Hi Numpyro users,
The forward problem:
We are trying out Bayesian inference for a problem with around 8 parameters. There are two kinds of model
functions for us: (A) model_old
which just returns the main diagonal — approximate eigenvalues — of a diagonally dominant matrix and compares it with observations, (B) model_new
which calculates the exact eigenvalues — considering even the tiny off-diagonal elements.
What we expect vs. what we observe:
We are using NUTS sampler:
- The
model_old
which does not need to do a eigenvalue calculation works great. It is slow in the warmup phase (due to increased number of steps per iterations) and much faster in the sampling stage (over time the number of steps per iterations decreases as the sampling progresses). It converges to the correct answers for our synthetic tests. - The
model_new
on the other hand behaves differently from what we expect. It has lower number of steps in the warmup phase and then when it goes into the sampling phase, the number of steps shoots up. We believe this should be the other way round? We think what might be happening is that after the warmup phase, it is reaching close to the minima of the loss function. At this point the gradient is very small and the step sizes are tiny resulting in many steps per iterations?
What we tried to remedy the problem but didn’t work:
From previous questions and discussions on this forum, we saw that a possible solution is to reduce the max_tree_depth
in the sampling phase. So we changed it to 1 — meaning, it would take a max of 1 step in the sampling phase. The motivation behind doing this is that, we want NUTS to move close to the minima in the warmup phase and then once its sufficiently close, it just needs to sample that smaller area enough number of times, without investing much time in calculating the exact direction in which is should proceed. We are pretty confident that there is a single sharp minima and so once we ensure that it is in the vicinity of the minima, we just want a usual MCMC kind of stepping to map out the peak of the PDF. This is why we had set the max_tree_depth
to 1. But surely, we are not understanding this correctly.
Below is what we get from model_old
and what we get from model_new
We even tried re-scaling the values of the parameters (as you will see in the axes labels) to make them of the order of unity.
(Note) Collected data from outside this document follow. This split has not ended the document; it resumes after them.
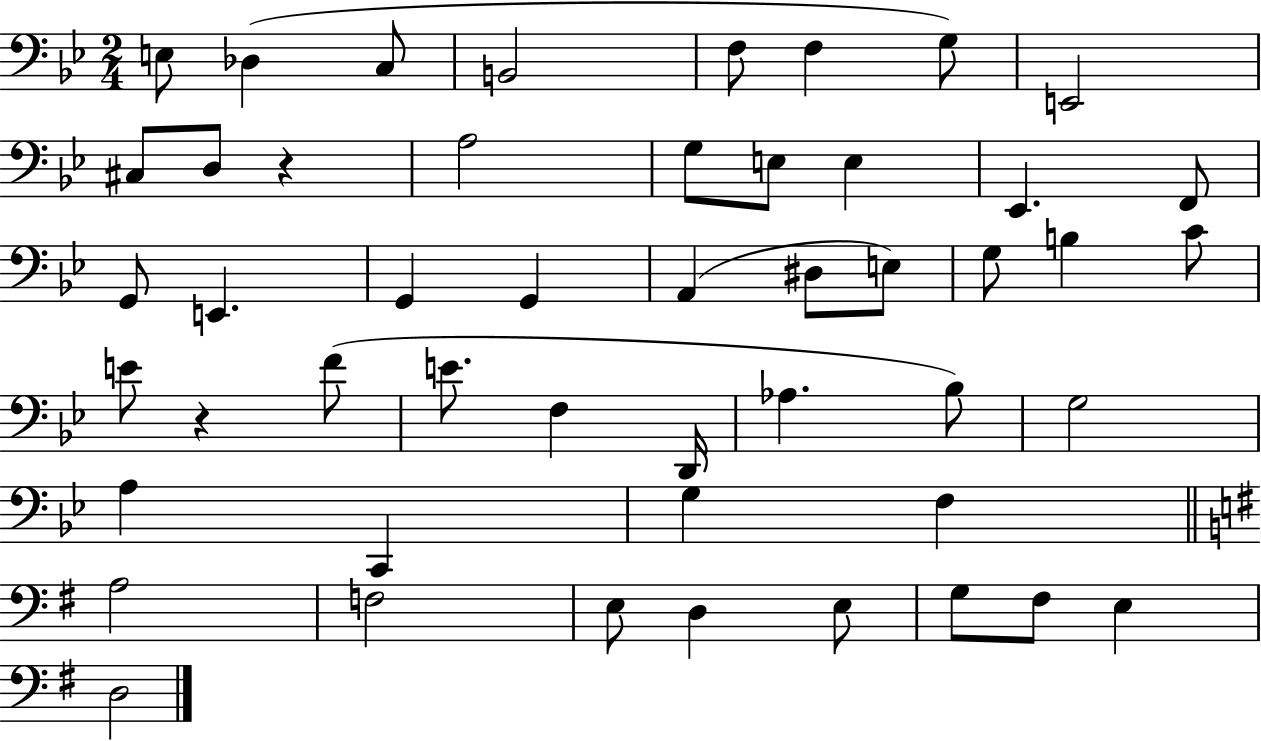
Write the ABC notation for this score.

X:1
T:Untitled
M:2/4
L:1/4
K:Bb
E,/2 _D, C,/2 B,,2 F,/2 F, G,/2 E,,2 ^C,/2 D,/2 z A,2 G,/2 E,/2 E, _E,, F,,/2 G,,/2 E,, G,, G,, A,, ^D,/2 E,/2 G,/2 B, C/2 E/2 z F/2 E/2 F, D,,/4 _A, _B,/2 G,2 A, C,, G, F, A,2 F,2 E,/2 D, E,/2 G,/2 ^F,/2 E, D,2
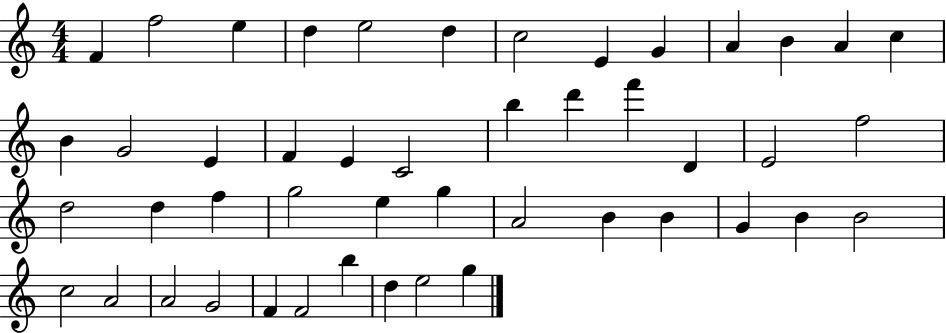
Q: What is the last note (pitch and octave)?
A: G5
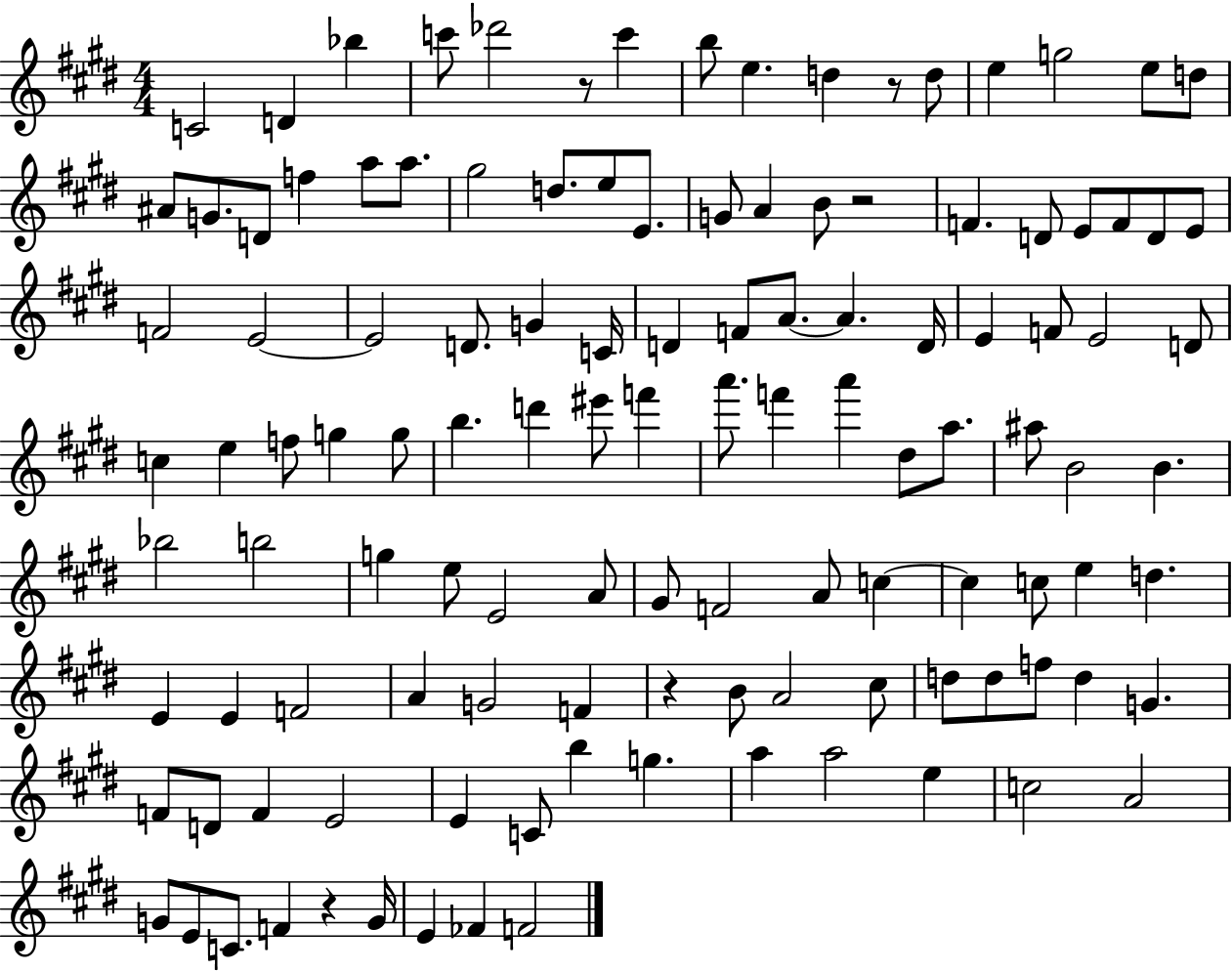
C4/h D4/q Bb5/q C6/e Db6/h R/e C6/q B5/e E5/q. D5/q R/e D5/e E5/q G5/h E5/e D5/e A#4/e G4/e. D4/e F5/q A5/e A5/e. G#5/h D5/e. E5/e E4/e. G4/e A4/q B4/e R/h F4/q. D4/e E4/e F4/e D4/e E4/e F4/h E4/h E4/h D4/e. G4/q C4/s D4/q F4/e A4/e. A4/q. D4/s E4/q F4/e E4/h D4/e C5/q E5/q F5/e G5/q G5/e B5/q. D6/q EIS6/e F6/q A6/e. F6/q A6/q D#5/e A5/e. A#5/e B4/h B4/q. Bb5/h B5/h G5/q E5/e E4/h A4/e G#4/e F4/h A4/e C5/q C5/q C5/e E5/q D5/q. E4/q E4/q F4/h A4/q G4/h F4/q R/q B4/e A4/h C#5/e D5/e D5/e F5/e D5/q G4/q. F4/e D4/e F4/q E4/h E4/q C4/e B5/q G5/q. A5/q A5/h E5/q C5/h A4/h G4/e E4/e C4/e. F4/q R/q G4/s E4/q FES4/q F4/h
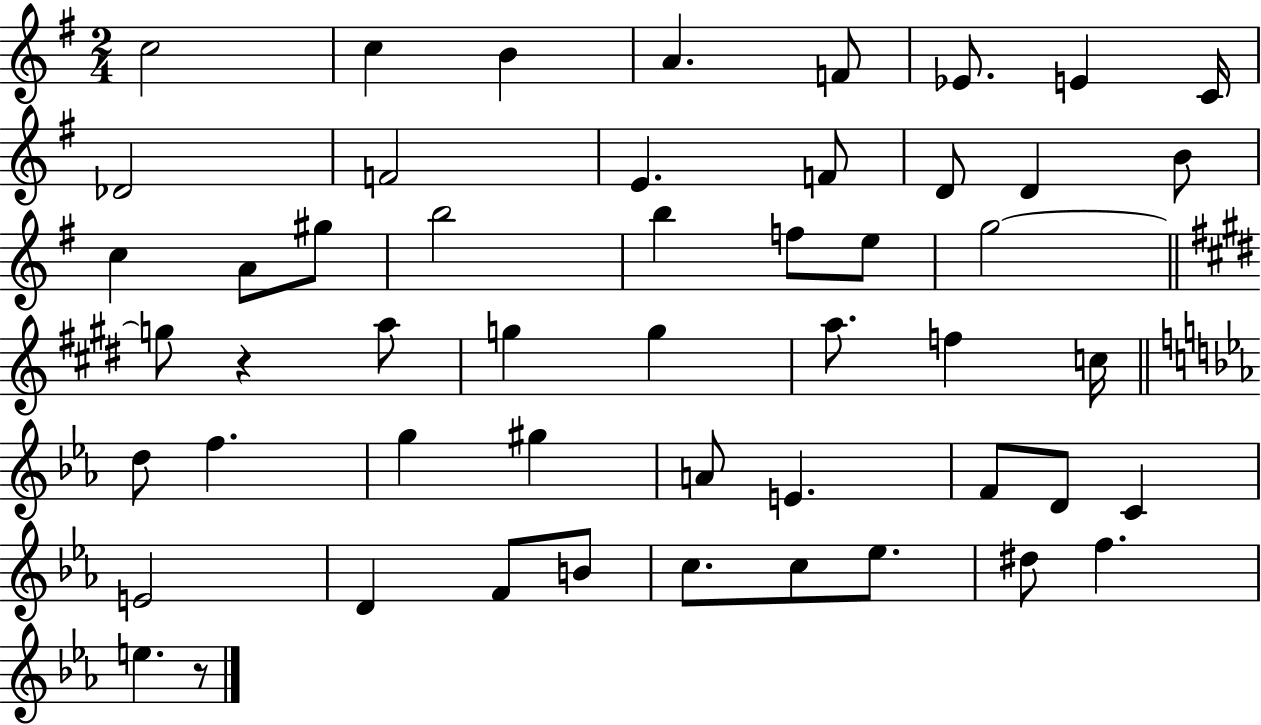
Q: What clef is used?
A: treble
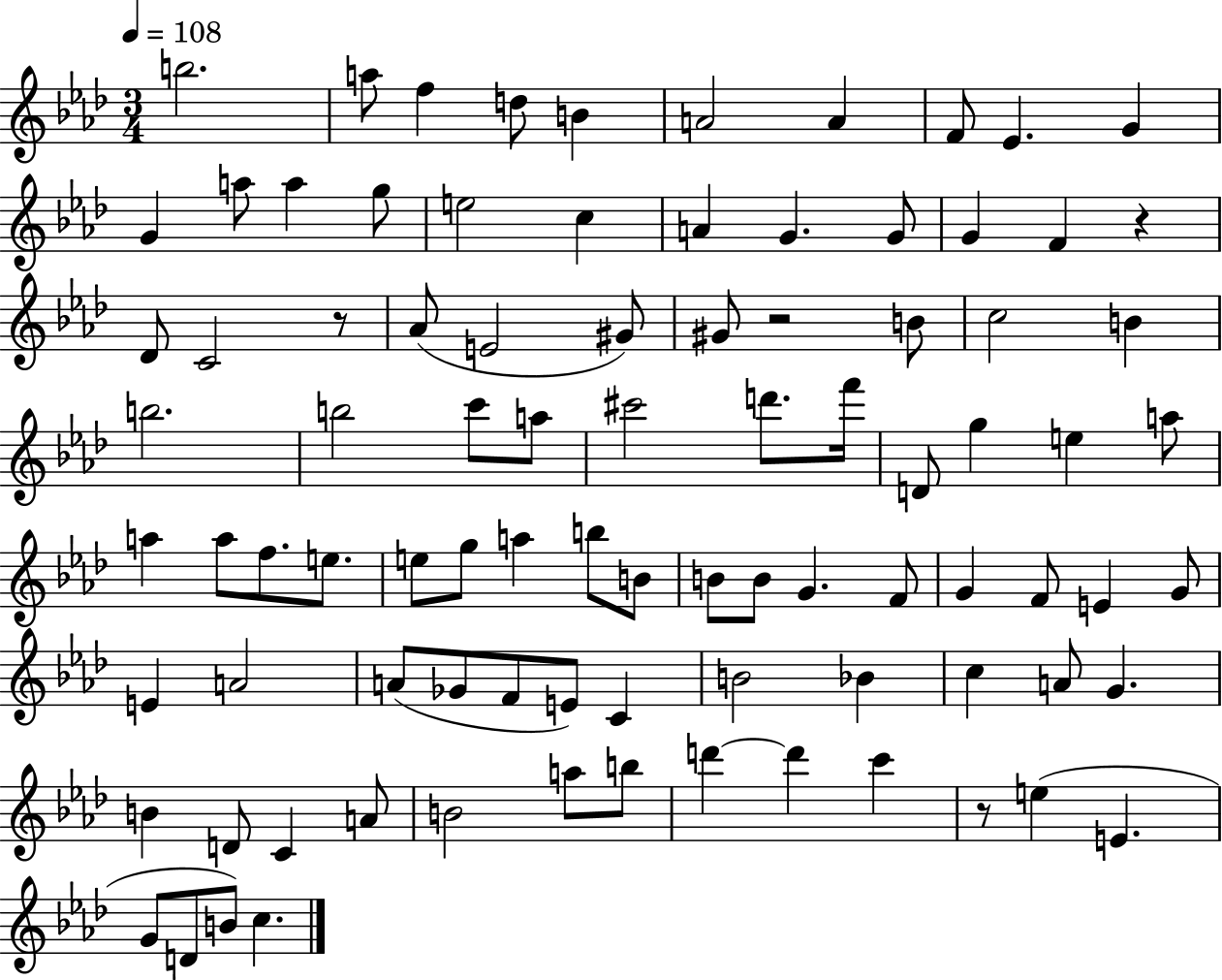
{
  \clef treble
  \numericTimeSignature
  \time 3/4
  \key aes \major
  \tempo 4 = 108
  b''2. | a''8 f''4 d''8 b'4 | a'2 a'4 | f'8 ees'4. g'4 | \break g'4 a''8 a''4 g''8 | e''2 c''4 | a'4 g'4. g'8 | g'4 f'4 r4 | \break des'8 c'2 r8 | aes'8( e'2 gis'8) | gis'8 r2 b'8 | c''2 b'4 | \break b''2. | b''2 c'''8 a''8 | cis'''2 d'''8. f'''16 | d'8 g''4 e''4 a''8 | \break a''4 a''8 f''8. e''8. | e''8 g''8 a''4 b''8 b'8 | b'8 b'8 g'4. f'8 | g'4 f'8 e'4 g'8 | \break e'4 a'2 | a'8( ges'8 f'8 e'8) c'4 | b'2 bes'4 | c''4 a'8 g'4. | \break b'4 d'8 c'4 a'8 | b'2 a''8 b''8 | d'''4~~ d'''4 c'''4 | r8 e''4( e'4. | \break g'8 d'8 b'8) c''4. | \bar "|."
}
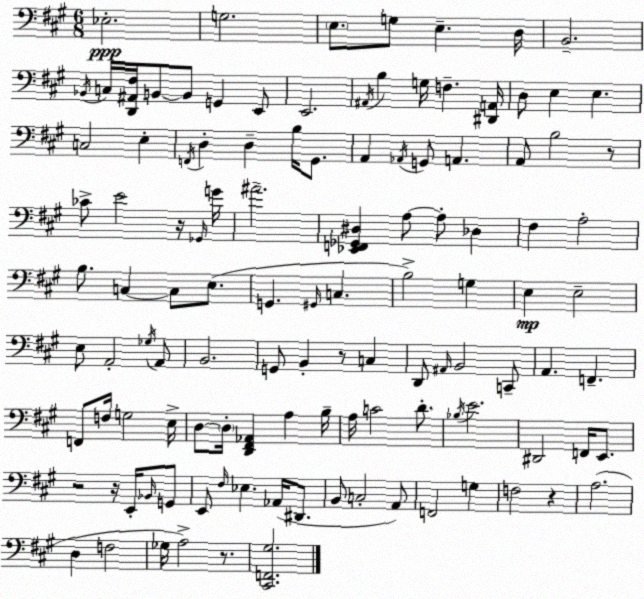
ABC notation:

X:1
T:Untitled
M:6/8
L:1/4
K:A
_E,2 G,2 E,/2 G,/2 E, D,/4 B,,2 _B,,/4 C,/4 [D,,^A,,^F,]/4 B,,/2 B,,/2 G,, E,,/2 E,,2 ^A,,/4 B, G,/4 F, [^D,,A,,]/4 D,/2 E, E, C,2 E, F,,/4 D, D, B,/4 ^G,,/2 A,, _A,,/4 G,,/2 A,, A,,/2 B,2 z/2 _C/2 E2 z/4 _G,,/4 G/4 ^A2 [_E,,F,,_G,,^D,] A,/2 A,/2 _D, ^F, A,2 B,/2 C, C,/2 E,/2 G,, ^G,,/4 C, B,2 G, E, E,2 E,/2 A,,2 _G,/4 A,,/2 B,,2 G,,/2 B,, z/2 C, D,,/2 ^A,,/4 B,,2 C,,/2 A,, F,, F,,/2 F,/4 G,2 E,/4 D,/2 D,/4 [D,,^F,,_A,,] A, B,/4 A,/4 C2 D/2 _B,/4 E2 ^D,,2 F,,/4 E,,/2 z2 z/4 E,,/4 _B,,/4 G,,/2 E,,/2 ^F,/4 _E, _A,,/4 ^D,,/2 B,,/2 C,2 A,,/2 F,,2 G, F,2 z A,2 D, F,2 _G,/4 A,2 z/2 [^C,,F,,^G,]2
The questions we want to ask:
- In our understanding, since the two models return approximately the same
predictions
(by which I mean what is returned by the forward problem and is compared with the observations) how can the behaviour in the warmup and the sampling phase change so drastically? Does it matter so much that we are using an eigenvalue problem? - Is there a way to estimate the correct step-size apriori so that we can fix the step-size in the NUTS kernel initialization? We think that the problem with the results from
model_new
is because of the fact that the step-size it uses in the sampling phase is a constant and is larger than it needs to use. - Can we use the warmup of NUTS in the initial phase so that it approaches the minima of the posterior distribution and then shift to something less expensive like SA and take optimal steps so that it is essentially searching inside a grid close to the minima and simply mapping out the structure of the minima in the PDF? Again, we know we have a uni-modal solution which is quite sharply peaked.
P.S: After going over a lot of topics on the forum, I found that this is closest to the topic here posted by @campagne.